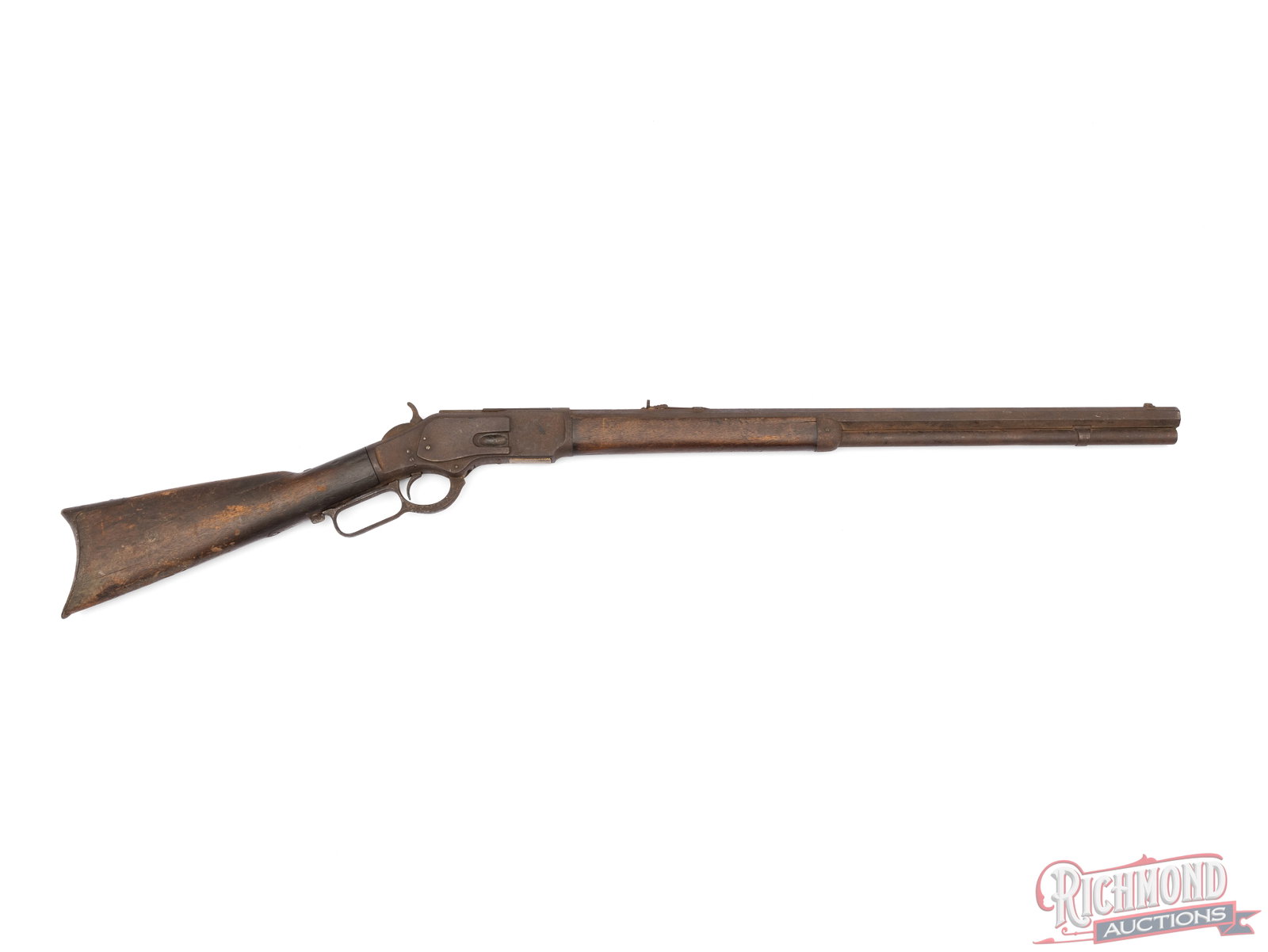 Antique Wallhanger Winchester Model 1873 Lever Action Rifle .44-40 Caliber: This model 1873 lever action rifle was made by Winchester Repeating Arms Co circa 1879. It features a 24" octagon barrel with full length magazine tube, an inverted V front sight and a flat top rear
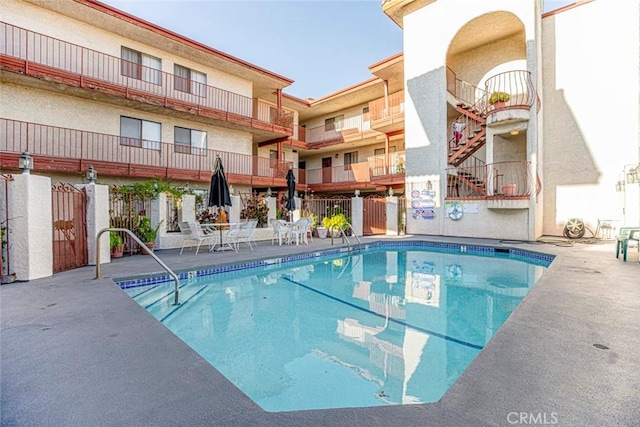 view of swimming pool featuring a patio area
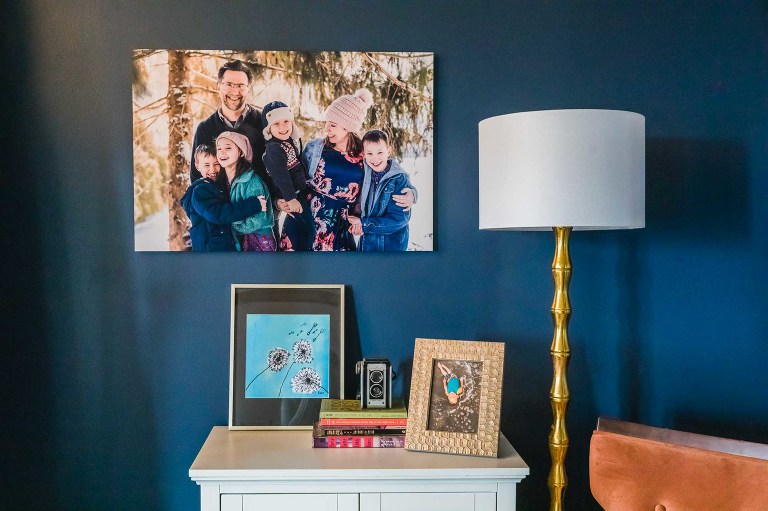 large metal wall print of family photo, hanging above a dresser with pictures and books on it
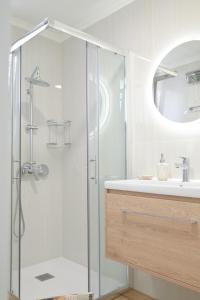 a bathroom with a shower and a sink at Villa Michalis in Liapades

What to work on:
What you produce should repeat the data word for word while omitting all images.

Response to the exercise:
 Antique Wallhanger Winchester Model 1873 Lever Action Rifle .44-40 Caliber: This model 1873 lever action rifle was made by Winchester Repeating Arms Co circa 1879. It features a 24" octagon barrel with full length magazine tube, an inverted V front sight and a flat top rear
 view of swimming pool featuring a patio area
 large metal wall print of family photo, hanging above a dresser with pictures and books on it
 a bathroom with a shower and a sink at Villa Michalis in Liapades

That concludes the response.